L'Office fédéral des réfugiés (ODR) la tenait jusqu'à tout récemment secrète: la liste des pays dits «sûrs», censée être déterminante pour ce qui est d'accepter ou non d'entrer en matière sur des demandes d'asile, ne devait pas tomber en mains indiscrètes. Mais par souci de transparence, l'ODR vient de juger nécessaire de la rendre publique.
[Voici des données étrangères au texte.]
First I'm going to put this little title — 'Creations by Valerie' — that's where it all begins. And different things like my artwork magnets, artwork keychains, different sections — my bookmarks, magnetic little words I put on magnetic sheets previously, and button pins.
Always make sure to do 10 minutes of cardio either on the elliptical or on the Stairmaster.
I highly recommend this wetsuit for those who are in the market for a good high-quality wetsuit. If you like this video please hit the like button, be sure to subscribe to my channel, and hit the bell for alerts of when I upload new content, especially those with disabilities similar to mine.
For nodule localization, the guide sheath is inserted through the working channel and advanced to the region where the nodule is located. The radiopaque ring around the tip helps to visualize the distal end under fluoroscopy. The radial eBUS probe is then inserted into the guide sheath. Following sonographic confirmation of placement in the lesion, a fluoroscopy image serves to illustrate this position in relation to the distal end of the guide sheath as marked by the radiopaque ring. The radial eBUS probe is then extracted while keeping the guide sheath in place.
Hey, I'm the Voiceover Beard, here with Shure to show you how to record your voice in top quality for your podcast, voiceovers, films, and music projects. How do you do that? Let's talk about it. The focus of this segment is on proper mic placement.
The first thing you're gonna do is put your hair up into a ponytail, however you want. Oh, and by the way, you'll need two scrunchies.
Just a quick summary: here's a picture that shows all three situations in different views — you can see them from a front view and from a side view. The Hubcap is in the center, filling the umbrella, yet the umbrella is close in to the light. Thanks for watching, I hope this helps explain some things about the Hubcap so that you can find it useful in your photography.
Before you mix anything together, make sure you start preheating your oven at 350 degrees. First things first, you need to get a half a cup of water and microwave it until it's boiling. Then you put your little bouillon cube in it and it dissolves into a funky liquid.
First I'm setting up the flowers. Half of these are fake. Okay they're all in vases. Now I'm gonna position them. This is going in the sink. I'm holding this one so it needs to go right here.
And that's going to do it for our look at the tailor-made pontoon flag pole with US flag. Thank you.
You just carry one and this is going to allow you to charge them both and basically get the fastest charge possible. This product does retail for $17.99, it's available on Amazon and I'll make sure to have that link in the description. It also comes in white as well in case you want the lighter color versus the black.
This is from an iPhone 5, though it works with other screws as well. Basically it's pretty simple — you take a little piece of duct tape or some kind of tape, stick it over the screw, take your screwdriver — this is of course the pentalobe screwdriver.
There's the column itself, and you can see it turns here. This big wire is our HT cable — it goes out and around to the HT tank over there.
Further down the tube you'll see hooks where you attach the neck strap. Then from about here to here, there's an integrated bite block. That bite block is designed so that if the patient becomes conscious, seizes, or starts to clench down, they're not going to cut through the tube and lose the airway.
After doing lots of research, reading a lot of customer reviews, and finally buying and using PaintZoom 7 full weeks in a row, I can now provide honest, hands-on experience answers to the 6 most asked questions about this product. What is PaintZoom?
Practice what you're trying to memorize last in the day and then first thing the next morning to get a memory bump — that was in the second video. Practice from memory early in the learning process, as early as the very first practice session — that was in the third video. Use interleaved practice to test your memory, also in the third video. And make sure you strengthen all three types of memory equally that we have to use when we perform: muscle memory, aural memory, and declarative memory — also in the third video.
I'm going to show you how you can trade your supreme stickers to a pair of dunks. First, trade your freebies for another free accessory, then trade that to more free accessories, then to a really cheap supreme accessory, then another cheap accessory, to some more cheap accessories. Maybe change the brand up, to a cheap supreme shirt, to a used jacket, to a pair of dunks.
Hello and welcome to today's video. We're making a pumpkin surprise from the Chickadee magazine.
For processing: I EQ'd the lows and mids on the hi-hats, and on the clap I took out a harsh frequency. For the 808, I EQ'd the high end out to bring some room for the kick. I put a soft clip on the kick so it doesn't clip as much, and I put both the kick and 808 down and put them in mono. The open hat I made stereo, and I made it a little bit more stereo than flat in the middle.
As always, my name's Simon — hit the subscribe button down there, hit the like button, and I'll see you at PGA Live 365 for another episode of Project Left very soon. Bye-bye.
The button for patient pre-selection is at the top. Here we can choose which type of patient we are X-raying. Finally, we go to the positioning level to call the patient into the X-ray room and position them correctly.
En raison du débat qui fait rage autour de la révision de la loi sur l'asile, de celle sur les étrangers et de la nouvelle initiative sur l'asile que s'apprête à lancer l'UDC, se plaisent à dire certains. «Pas du tout», rétorque Dominique Boillat, porte-parole de l'ODR. Et d'évoquer la volonté de s'aligner sur les pays européens qui ont récemment décidé de rendre ce type de listes publiques (toutes ne sont toutefois pas élaborées selon les mêmes critères). Le Conseil fédéral a donné son feu vert à l'ODR dans sa séance du 25 juin.

Comprenant initialement les noms de neuf pays (l'Albanie, la Bulgarie, la Gambie, le Ghana, l'Inde, la Lituanie, la Mongolie, la Roumanie et le Sénégal), la liste en contient aujourd'hui 38. L'ODR n'entrera théoriquement plus en matière sur les demandes d'asile des ressortissants de ces 29 nouveaux pays également, à partir du 1er août. Les quinze pays de l'Union européenne (UE), les dix qui la rejoindront le 1er mai 2004 et ceux de l'AELE ont été rajoutés le 25 juin. Le Conseil fédéral a lors de cette même séance aussi accepté d'incorporer la Bosnie-Herzégovine et la Macédoine à la liste. Beaucoup plus délicat. La décision est déjà contestée par l'Organisation d'aide suisse aux réfugiés (OSAR). «Que les choses soient claires: cette liste n'est pas définitive. Nous pouvons procéder à des exceptions», tente de rassurer Dominique Boillat. Contrairement à ce qu'exige l'UDC, les ressortissants des pays dits «sûrs» – pour l'ODR, il s'agit surtout de pays desquels proviennent de nombreuses demandes et qui respectent les droits de l'homme – ne seront par exemple pas automatiquement renvoyés chez eux. Si une Ghanéenne contrainte à se prostituer dans son pays par son mari dépose une demande en Suisse, Berne ne pourra décemment pas la renvoyer dans son pays sous le seul prétexte qu'il est considéré comme «sûr». La femme pourrait au contraire bénéficier d'une admission provisoire.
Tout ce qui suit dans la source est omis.